Pequenos guerreiros
Hoje em dia, vão sendo cada vez mais raros os filmes capazes de agradar tanto a um público infanto-juvenil como adulto, sobretudo se não forem de animação, e essa é desde logo uma proeza pela qual vale a pena destacar "Filho de Rambow" (Son of Rambow).
A nova obra do britânico Garth Jennings, cuja estreia na realização de longas-metragens foi a algo desapontante "À Boleia Pela Galáxia" (2005), acerta em todos os aspectos onde essa adaptação do livro de Douglas Adams falhou: desta vez o argumento é consistente, os protagonistas tridimensionais e a comédia não atropela a carga dramática, antes se conjuga com esta numa narrativa cujo ritmo deixa as personagens respirarem.
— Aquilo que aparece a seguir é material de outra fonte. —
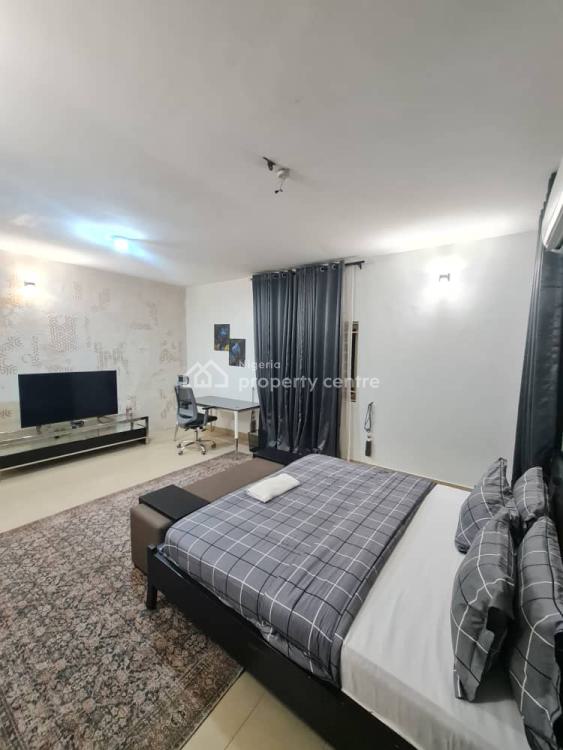 Well Furnished 4 Bedroom, Lekki, Lagos, Detached Duplex Short Let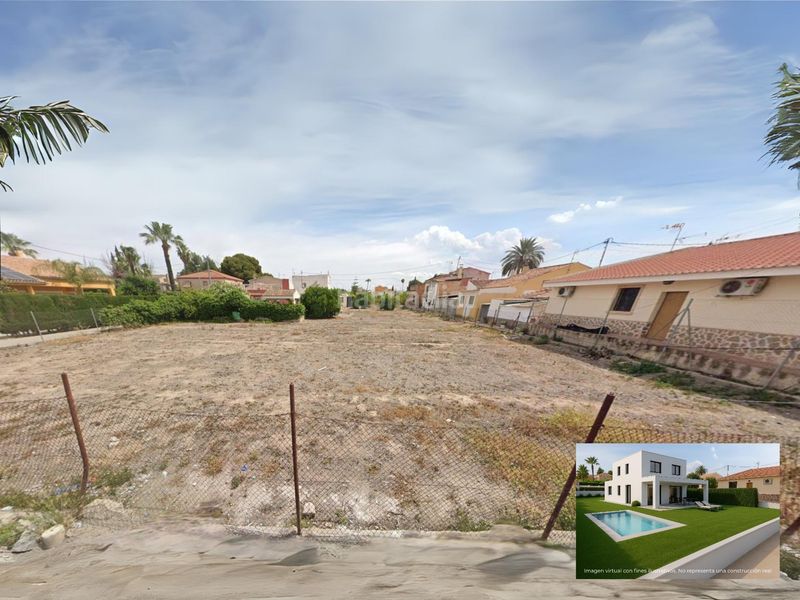Foto cb4b22b3-65ed-471f-9109-9432de67087c. Terreny residencial a Albatalia Murcia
E é, no fundo, de um belo estudo de personagens que se trata esta história ancorada na Inglaterra de inícios dos anos 80, onde duas crianças de um colégio iniciam uma amizade inesperada apesar de serem criadas em contextos muito diferentes - uma orientada por uma mãe cuja religião a faz recusar quaisquer contactos com a televisão ou música, outra pela ausência de limites trazida pelo facto de estar entregue a um desatento irmão mais velho.
Em comum, os dois protagonistas têm a admiração pelas aventuras de Rambo, que mais do que um escape para a solidão com a qual se debatem no dia-a-dia funciona como rastilho para uma onda de imaginação delirante que toma forma no filme que preparam em conjunto.
"Filho de Rambow" é o nome do projecto com o qual pretendem participar num concurso de cinema da BBC, e aos poucos esse filme amador não só vai ganhando cada vez mais adeptos e aumentando a sua popularidade no colégio - sobretudo quando um inenarrável adolescente francês idolatrado colabora como actor -, mas também traz algumas adversidades à relação cúmplice que se desenvolve entre os dois.
Enquanto segue a história dos dois protagonistas, Jennings propõe uma viagem ao imaginário da cultura pop da década de 80, seja pelo papel que o VHS desempenhou na iniciação de muitos ao cinema ou pela adesão ao movimento neo-romântico, aqui com uma cena-chave ao som de "Just Can't Get Enough" dos Depeche Mode (numa banda-sonora que inclui ainda temas de Gary Numan, The Cure ou Siouxsie and the Banshees, a denunciar as origens do realizador no universo dos videoclips).
Por vezes a fazer lembrar "Conta Comigo", de Rob Reiner, ou "Billy Elliot", de Stephen Daldry, "Filho de Rambow" é um dos mais belos, genuínos e sensíveis olhares sobre a infância que o cinema ofecereu ultimamente, conseguindo ser comovente sem optar por um sentimentalismo postiço e também muito divertido mas sempre com um sentido de humor oportuno e subtil.
Ou seja, mesmo não sendo um filme de Natal, é talvez o mais apropriado em cartaz para ver nesta altura, tanto para um público adulto como para espectadores da faixa etária dos (excelentes) protagonistas.